The Directors present their report and audited consolidated financial 
statements for the year ended 31 December 2022. Comparative 
information is provided for the year ended 31 December 2021.

Results and dividends
The results for the financial year to 31 December 2022 are set out in 
the Consolidated Statement of Comprehensive Income. The Company 
paid an interim dividend of 22.0p per Ordinary share on 4 November 
2022 (2021: interim dividend: 19.0 pence). At the forthcoming Annual 
General Meeting, the Directors will recommend payment of a final 
dividend for the year of 59.0p (2021 final dividend: 47.0 pence) per 
Ordinary share to be paid on Friday 7 July 2023 to shareholders on the 
register on Friday 9 June 2023. The shares will go ex-dividend on 
Thursday 8 June 2023. The total dividend proposed for the 2022 financial 
year will aggregate to 81.0p, an increase of 22.7% (2021: 66.0p). 

Going concern
The consolidated financial statements have been prepared on a going 
concern basis. The Directors have taken note of guidance issued by 
the Financial Reporting Council on Going Concern Assessments in 
determining that this is the appropriate basis of preparation of 
the financial statements. The Group ended 2022 with adjusted 
net debt of £52.0 million compared to adjusted net cash of 
£1.4 million at 31 December 2021. This £53.4 million increase in 
adjusted net debt arose following the Group’s acquisition of Geotek 
for £80.0 million. This acquisition resulted in a direct increase in 
liabilities of £62.5 million (£45 million bank loan and £17.5 million 
acquisition payable) and the Group also made further outlays for 
dividends to our shareholders (£4.4 million), paying our fair share of 
tax (£2.1 million) and £6.4 million invested into capital expenditure, 
including the purchase and refurbishment of buildings for our 
businesses; all of which totalled £75.4 million. Importantly, for 
the long-term health of the Group, offsetting this was the Group’s 
consistent strong cash generation which arises from good 
performance of the Group’s principal operating companies 
(as supported by order intake above the level of revenue) and 
which will enable further reduction in net debt over the coming 
year. In addition, the Group also refinanced its borrowing facilities 
in May 2022 for a four-year term providing the Group with continued 
certainty over long-term liquidity (see note 21) and the Group 
subsequently entered into an interest rate swap to hedge the Group’s 
gross borrowings so as to manage any risk of rising interest rates.
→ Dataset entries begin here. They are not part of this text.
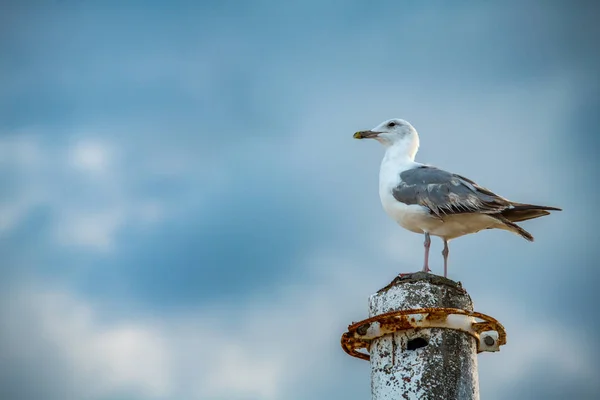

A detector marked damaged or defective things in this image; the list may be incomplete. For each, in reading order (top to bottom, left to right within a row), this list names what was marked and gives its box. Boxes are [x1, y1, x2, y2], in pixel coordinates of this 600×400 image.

rusty metal band [342, 308, 506, 360]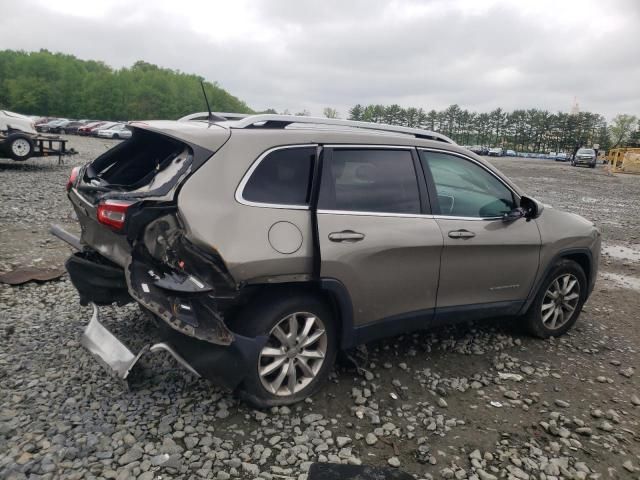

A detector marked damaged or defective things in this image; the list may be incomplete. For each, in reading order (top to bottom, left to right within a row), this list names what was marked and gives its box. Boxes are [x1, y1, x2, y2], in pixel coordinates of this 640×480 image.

broken taillight [96, 200, 132, 232]
rear-end collision damage [52, 121, 268, 390]
detached bumper [80, 302, 264, 392]
damaged jeep cherokee [53, 114, 600, 406]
The Directors have considered the ongoing impact of the war in Ukraine 
and the Covid-19 pandemic, and a summary of the implications is 
included in the Strategic Report. The Group is in a strong financial 
position with high cash balances, sensible gearing and a solid future 
order book enabling it to face the challenge of the continued uncertain 
global economic and political environment. The Directors have planned 
for reasonably foreseeable worsening scenarios including a repetition 
of the same level of reduction in orders in 2023 as happened in 2020 
at the start of the Covid-19 pandemic which would not cause any 
significant challenges to the Group’s continued existence.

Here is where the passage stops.